Post-trade risk reduction has become increasingly common as a means to reduce risks in the derivatives market. Portfolio compression is a case in point: offsetting trades between multiple parties are torn up, which reduces the size of gross exposures, in turn reducing systemic risk. Over €1,000 trillion in derivatives exposures has been eliminated in this manner.
Regulators recognize the value of compression. Under the European Market Infrastructure Regulation (EMIR), market participants with more than 500 over-the-counter (OTC) trades on their books are required to examine the possibility of performing portfolio compression twice a year.
However, EMIR simultaneously disincentivizes use of this service by requiring administrative trades that result from compression, and which fall under the clearing mandate, to be cleared.
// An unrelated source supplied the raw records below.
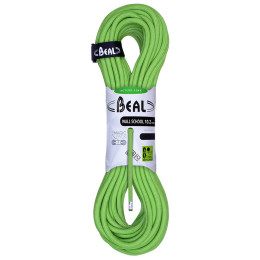 Lezecké lano Beal Wall School 10,2 mm (40 m) zelená green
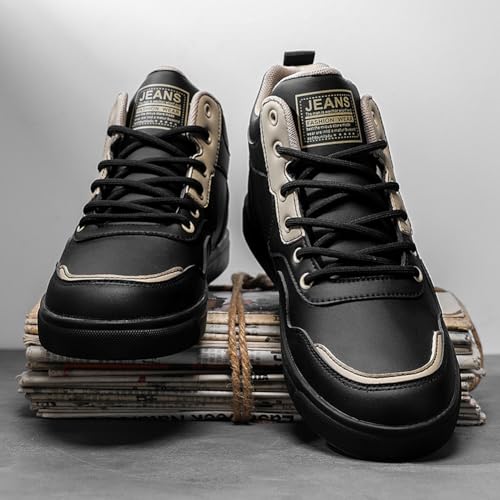 Men's Fashion Skate Walking Shoes Road Running Skateboarding Sneakers4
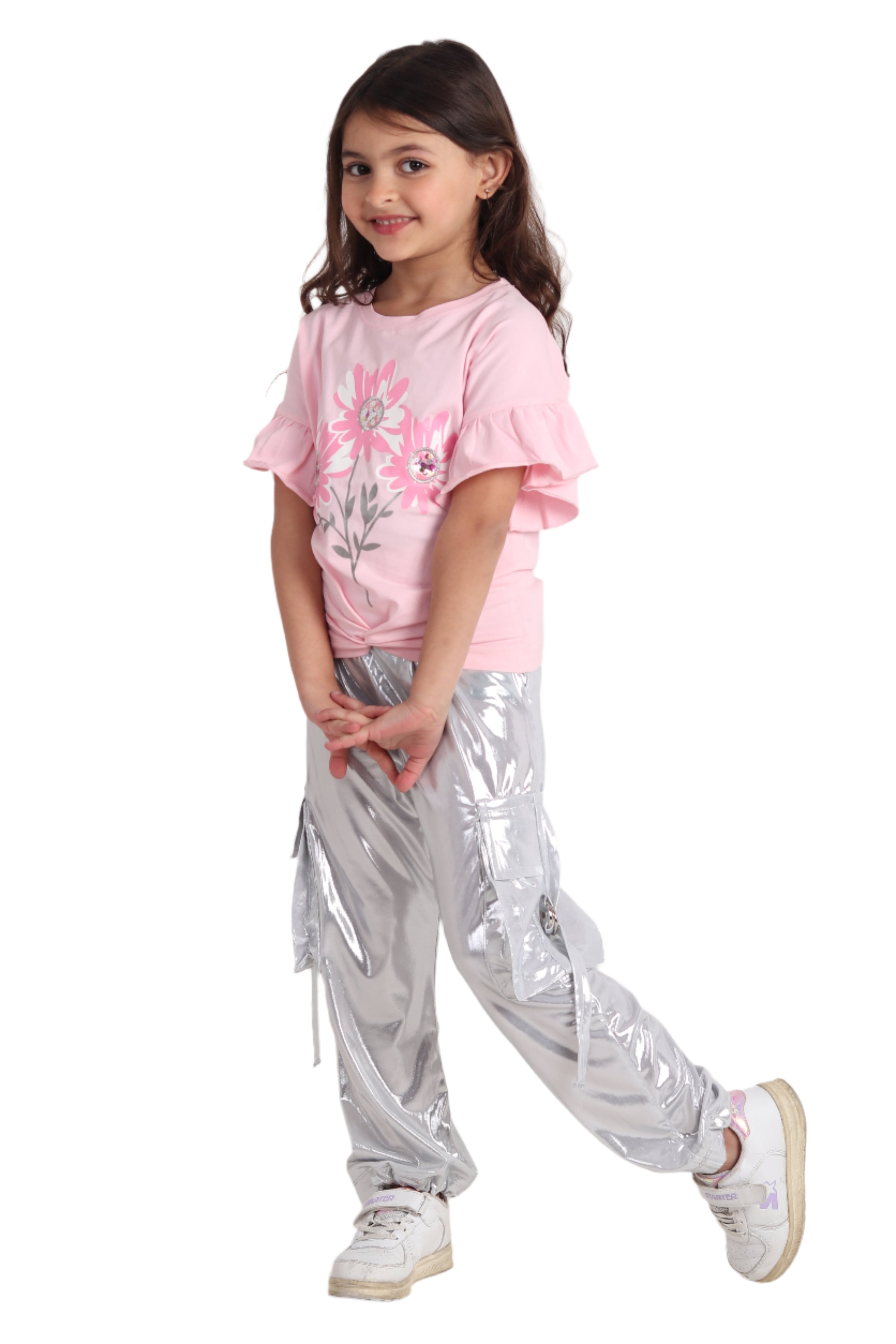 Flower Casual Set - code 2034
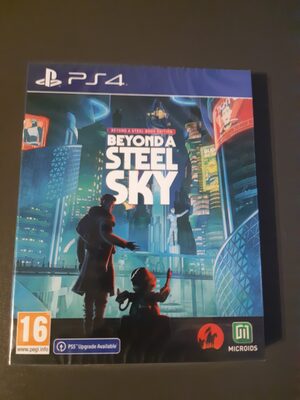 Beyond a Steel Sky: Beyond A Steel Book Edition PlayStation 4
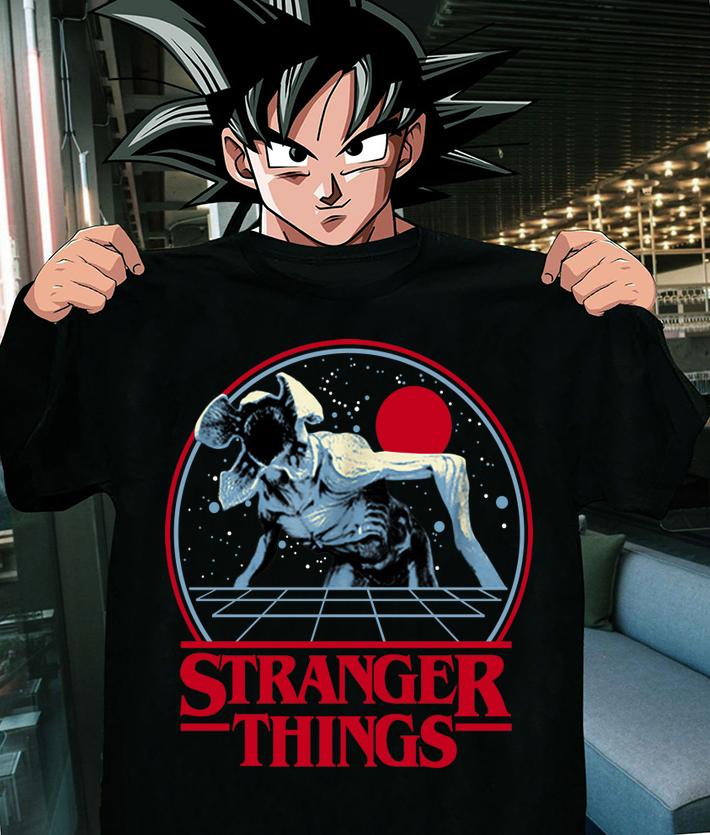 Netflix Stranger Things Demogorgon Circle Horror Movie t-shirt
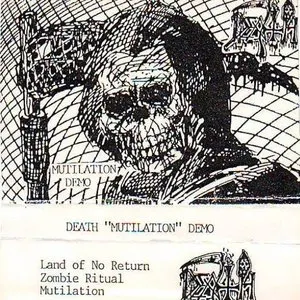 Pochette de Mutilation de Death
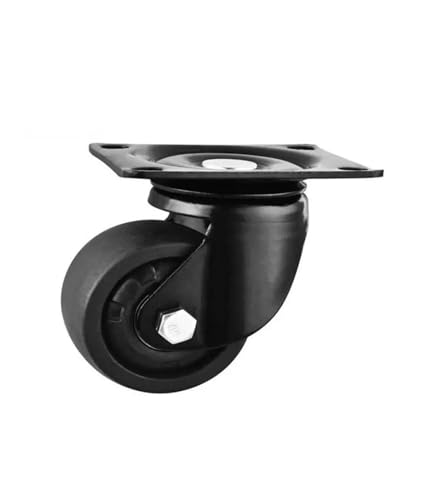 Roulette en nylon de 3 pouces haute résistance pour équipement à faible gravité
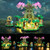 YEABRICKS LED Light for 77092 The Legend of Zelda Great Deku Tree 2-in-1 Building Blocks Model (Building Set NOT Included)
This limits the ability of participants to perform compression and reduce risk.
The same is true of other post-trade risk reduction services like counterparty rebalancing. This involves inserting new, market-risk neutral transactions into netting sets to reduce risk exposures between counterparties. This decreases counterparty credit risk and therefore reduces systemic risk. However, those new transactions are required to be cleared if they are subject to the clearing obligation, preventing counterparty rebalancing risk reduction from taking place. As a result, counterparty rebalancing today is only limited to FX derivatives, which are not subject to the clearing obligation. Over €100 billion in counterparty credit risk has been reduced in this manner.
ISDA, the EBF, ICMA and ISLA believe EMIR should be amended as part of the Regulatory Fitness and Performance program (REFIT) to allow non-price forming, market-risk neutral transactions that result from post-trade risk reduction services to be exempted from the clearing obligation.